== Data provided

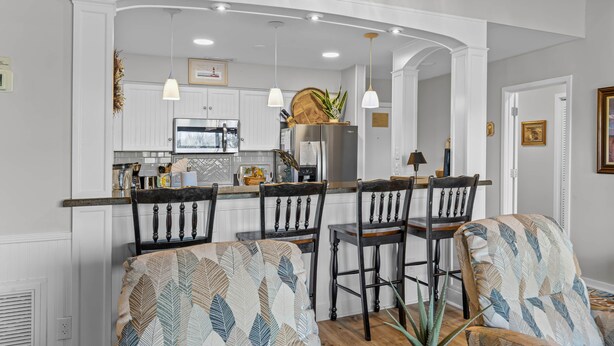 Una cocina moderna con armarios blancos, una isla central con taburetes y luces colgantes.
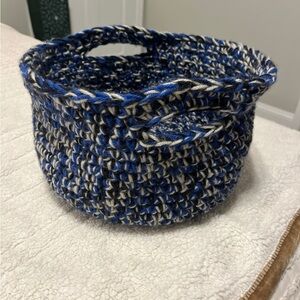 Handmade circular crochet basket with handles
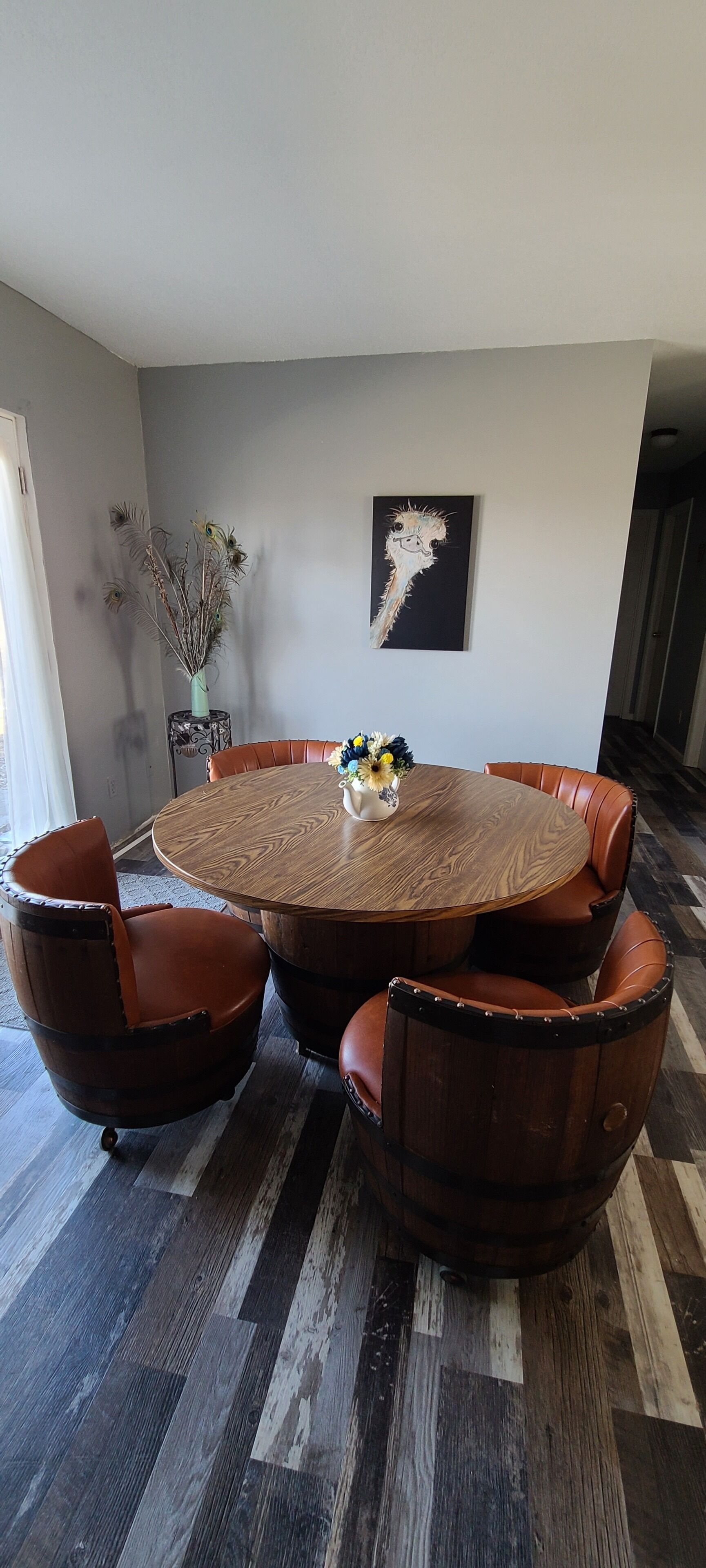 Une table de salle à manger ronde en bois, entourée de six chaises en cuir, un vase contenant des plantes séchées et un tableau accroché au mur.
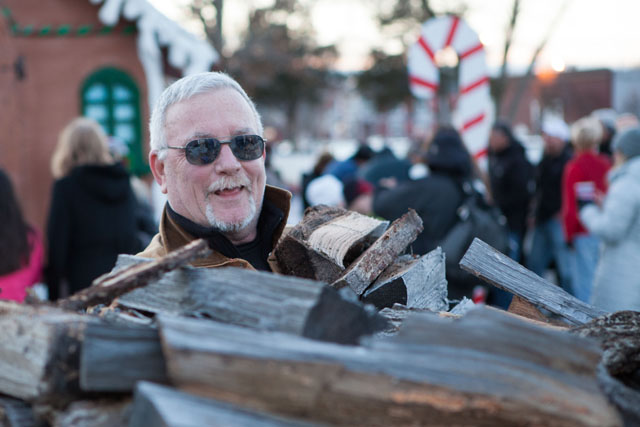 Gary Joyce gathers another load of wood for the fire.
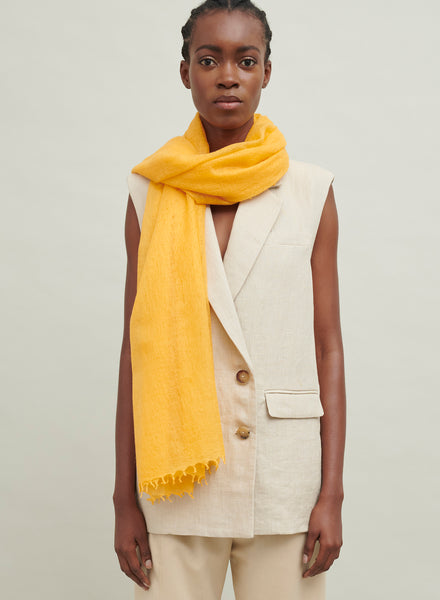 The Featherweight, orange woven cashmere scarf – model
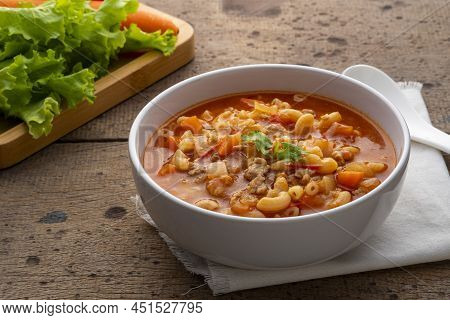 Beef And Tomato Macaroni Soup In White Bowl On Wood Table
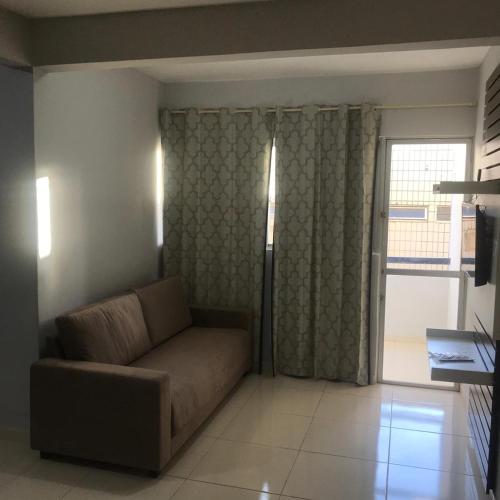 a living room with a couch and a window at Ed. Oliveiro Lucena in João Pessoa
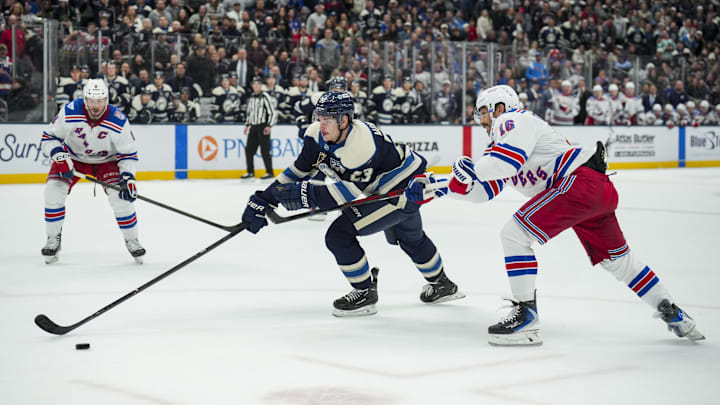 Blue Jackets center Sean Monahan gets hooked by Rangers forward Vincent Trocheck as he tries to make a play in overtime. There was no penalty called on the play.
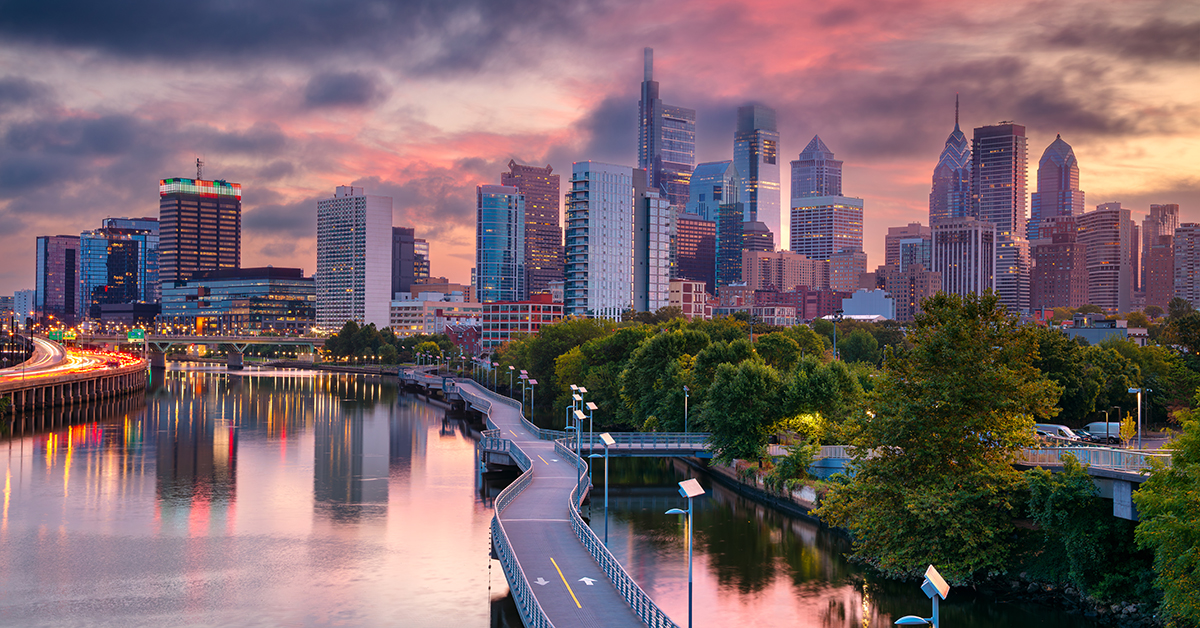 Philadelphia, Pennsylvania, USA, at sunrise. The skyline features modern skyscrapers reflecting on the Schuylkill River. A winding paved path for walking and cycling lines the river's edge. The sky is adorned with colorful clouds, creating a serene atmosphere. Lush green trees border the river, providing contrast to the urban landscape. The scene captures the beautiful blend of natural and architectural elements at the break of day.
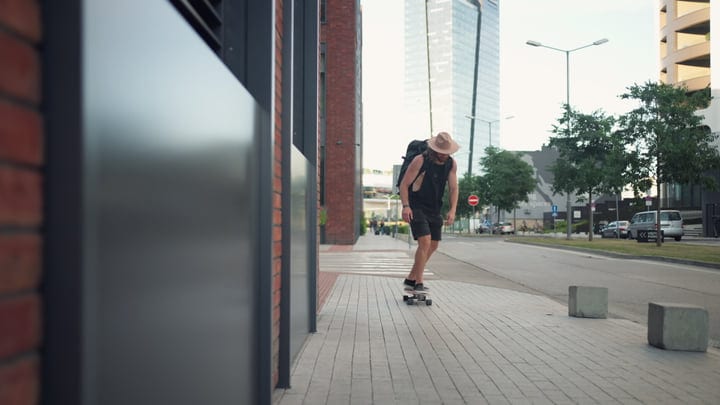 Skater in a Straw Hat Gliding Through Urban Streets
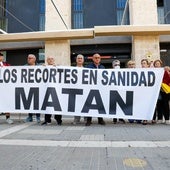 Vecinos del barrio de San Cristóbal tras la pancarta en el centro de salud de San Diego, ayer.
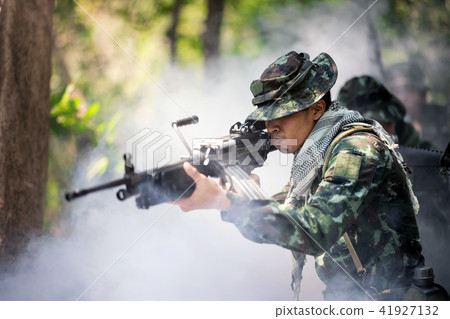 Squad of soldiers patrolling across deep forest. 41927132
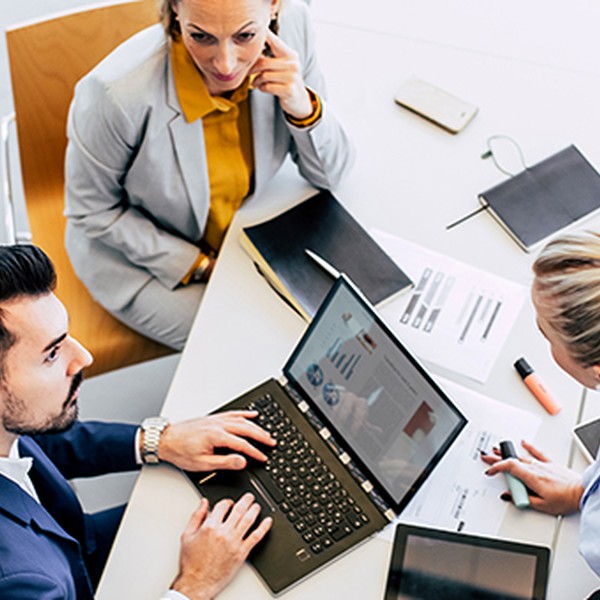 A laptop displays graphs as three professionals collaborate around a table, one typing, while the others discuss. The setting is modern, with various stationery items and a large window in view.
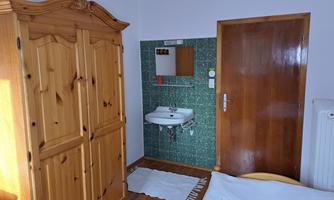 A simple room with a wooden wardrobe, a sink, and a wooden door. The room has green tiles and a white carpet.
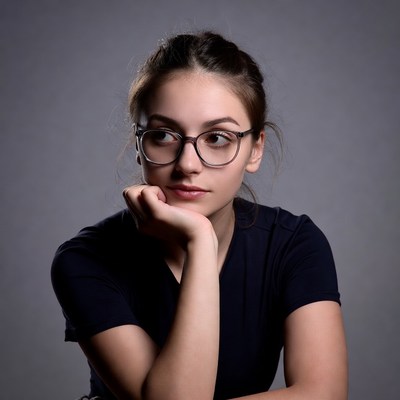Young woman with glasses thoughtful pose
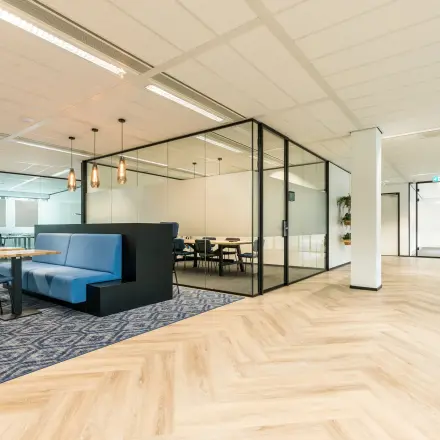 Modern office space at Spoetnik 10-64 in Amersfoort Calveen, featuring stylish furnishings and glass-partitioned meeting areas, available for office space rental.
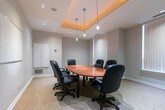 Located at 65 Times Ave in Markham, Ontario, this professional conference room offers a well-appointed setting designed for focused meetings and collaborative work. The room's most distinctive architectural feature is its recessed tray ceiling, finished with warm amber accent lighting that adds a polished, inviting ambiance to the otherwise neutral-toned space. Complementing the tray ceiling are recessed pot lights and sleek pendant lights that hang above the central oval conference table, ensuring the workspace is well-illuminated throughout.

The oval table, finished in warm wood tones, is surrounded by six black leather executive chairs, providing comfortable seating for small team meetings or client discussions. Neutral grey walls and light-toned carpeting contribute to the room's clean, professional atmosphere. Multiple windows fitted with vertical blinds line the walls, allowing for adjustable natural light while maintaining privacy.

Additional functional elements include a wall-mounted whiteboard for presentations and brainstorming sessions, built-in storage cabinetry and a hutch unit along one wall offering space for office equipment and supplies, and a dedicated entry door. The room's compact yet efficient layout makes it a practical and comfortable space for professional gatherings at this Markham address.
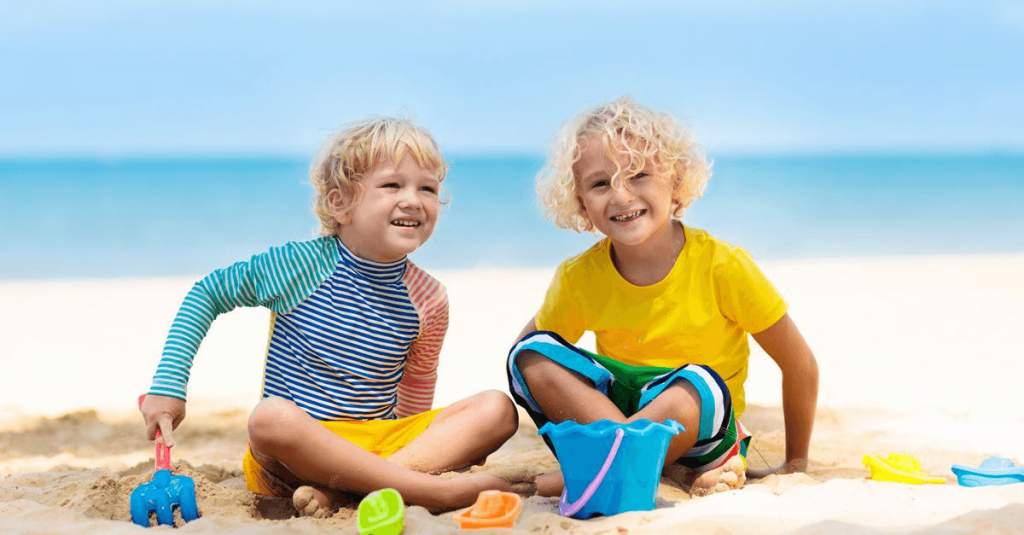 young boy with long sleeved multicolored rashguard shirt and yellow swim trunks next to young boy with yellow tshirt and mutlicolored swim trunks playing in the sand at a beach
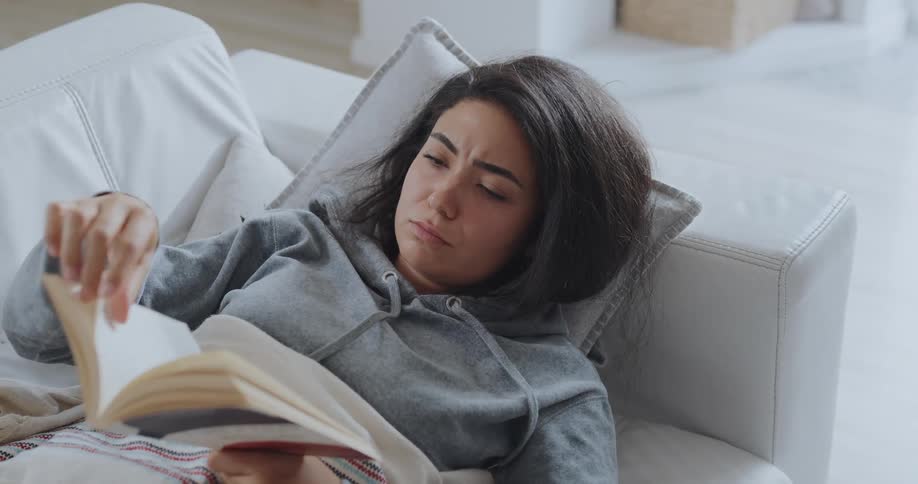 A woman is laying on a couch and reading a book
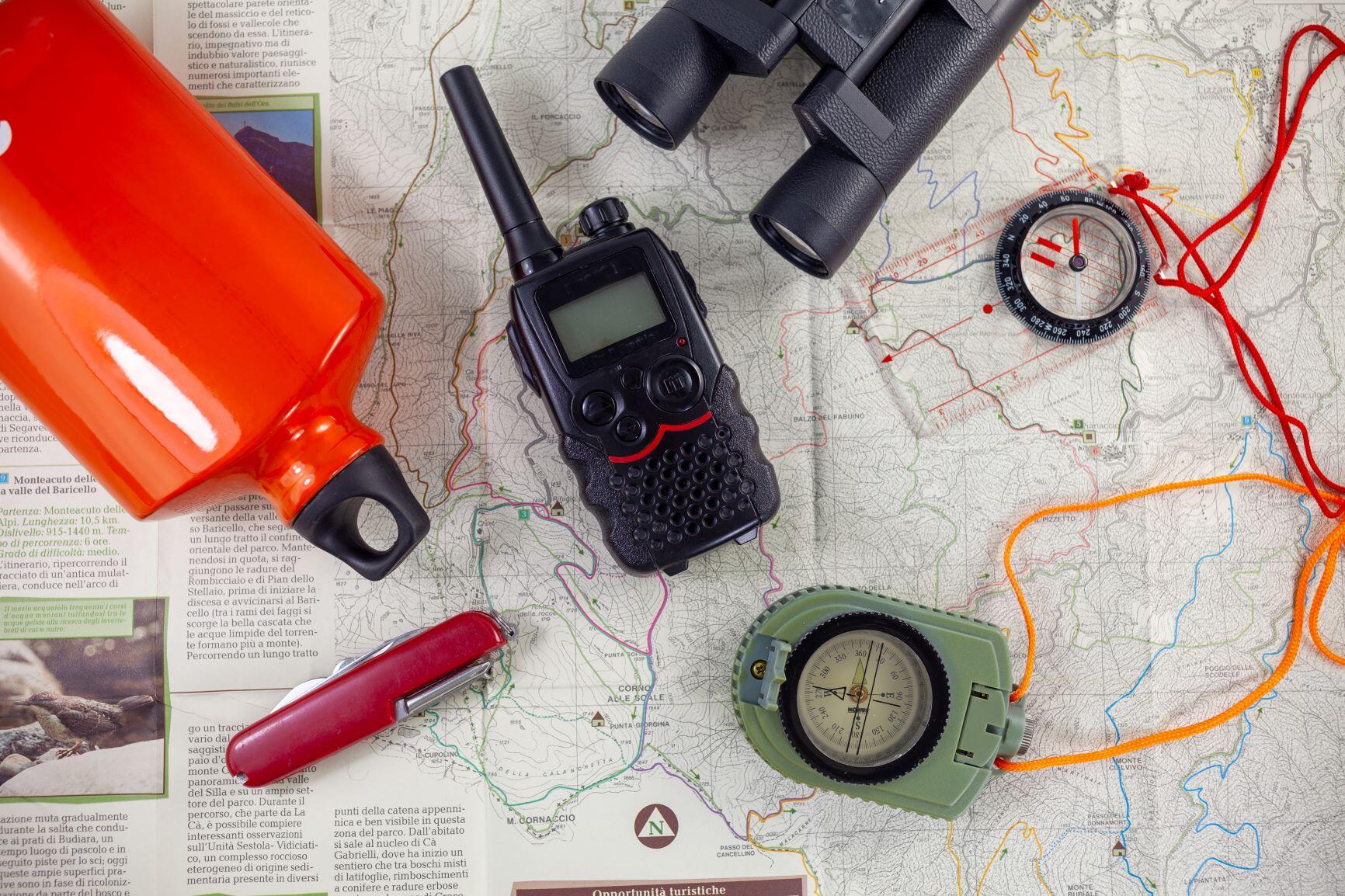 Tools For Camping & Survival A picture with various tools for survival and camping scattered about on a map.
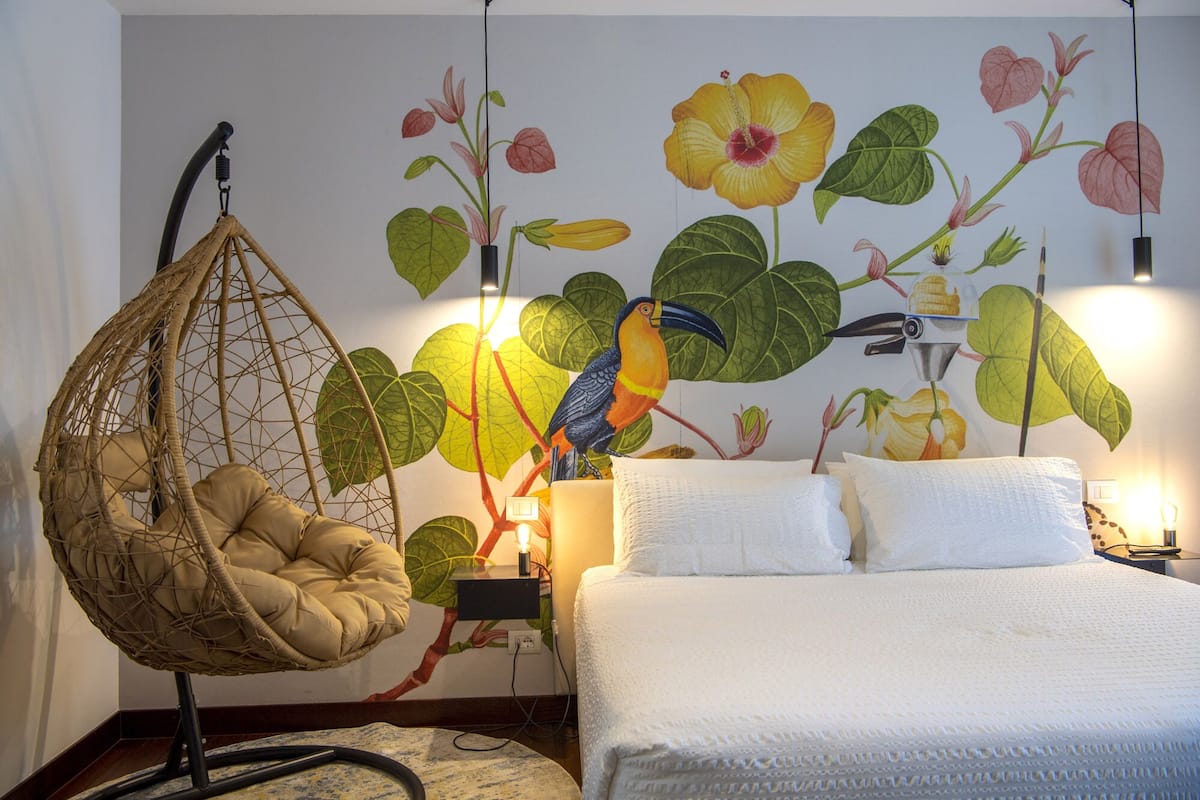 A bedroom with a hanging chair, a bed with white bedding, and a mural of flowers and a bird.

====

▶ _Required work_:
Copy every line of the records exactly as it is written, but not the pictures.

▶ _Solved exercise_:
 Una cocina moderna con armarios blancos, una isla central con taburetes y luces colgantes.
 Handmade circular crochet basket with handles
 Une table de salle à manger ronde en bois, entourée de six chaises en cuir, un vase contenant des plantes séchées et un tableau accroché au mur.
 Gary Joyce gathers another load of wood for the fire.
 The Featherweight, orange woven cashmere scarf – model
 Beef And Tomato Macaroni Soup In White Bowl On Wood Table
 a living room with a couch and a window at Ed. Oliveiro Lucena in João Pessoa
 Blue Jackets center Sean Monahan gets hooked by Rangers forward Vincent Trocheck as he tries to make a play in overtime. There was no penalty called on the play.
 Philadelphia, Pennsylvania, USA, at sunrise. The skyline features modern skyscrapers reflecting on the Schuylkill River. A winding paved path for walking and cycling lines the river's edge. The sky is adorned with colorful clouds, creating a serene atmosphere. Lush green trees border the river, providing contrast to the urban landscape. The scene captures the beautiful blend of natural and architectural elements at the break of day.
 Skater in a Straw Hat Gliding Through Urban Streets
 Vecinos del barrio de San Cristóbal tras la pancarta en el centro de salud de San Diego, ayer.
 Squad of soldiers patrolling across deep forest. 41927132
 A laptop displays graphs as three professionals collaborate around a table, one typing, while the others discuss. The setting is modern, with various stationery items and a large window in view.
 A simple room with a wooden wardrobe, a sink, and a wooden door. The room has green tiles and a white carpet.
Young woman with glasses thoughtful pose
 Modern office space at Spoetnik 10-64 in Amersfoort Calveen, featuring stylish furnishings and glass-partitioned meeting areas, available for office space rental.
 Located at 65 Times Ave in Markham, Ontario, this professional conference room offers a well-appointed setting designed for focused meetings and collaborative work. The room's most distinctive architectural feature is its recessed tray ceiling, finished with warm amber accent lighting that adds a polished, inviting ambiance to the otherwise neutral-toned space. Complementing the tray ceiling are recessed pot lights and sleek pendant lights that hang above the central oval conference table, ensuring the workspace is well-illuminated throughout.

The oval table, finished in warm wood tones, is surrounded by six black leather executive chairs, providing comfortable seating for small team meetings or client discussions. Neutral grey walls and light-toned carpeting contribute to the room's clean, professional atmosphere. Multiple windows fitted with vertical blinds line the walls, allowing for adjustable natural light while maintaining privacy.

Additional functional elements include a wall-mounted whiteboard for presentations and brainstorming sessions, built-in storage cabinetry and a hutch unit along one wall offering space for office equipment and supplies, and a dedicated entry door. The room's compact yet efficient layout makes it a practical and comfortable space for professional gatherings at this Markham address.
 young boy with long sleeved multicolored rashguard shirt and yellow swim trunks next to young boy with yellow tshirt and mutlicolored swim trunks playing in the sand at a beach
 A woman is laying on a couch and reading a book
 Tools For Camping & Survival A picture with various tools for survival and camping scattered about on a map.
 A bedroom with a hanging chair, a bed with white bedding, and a mural of flowers and a bird.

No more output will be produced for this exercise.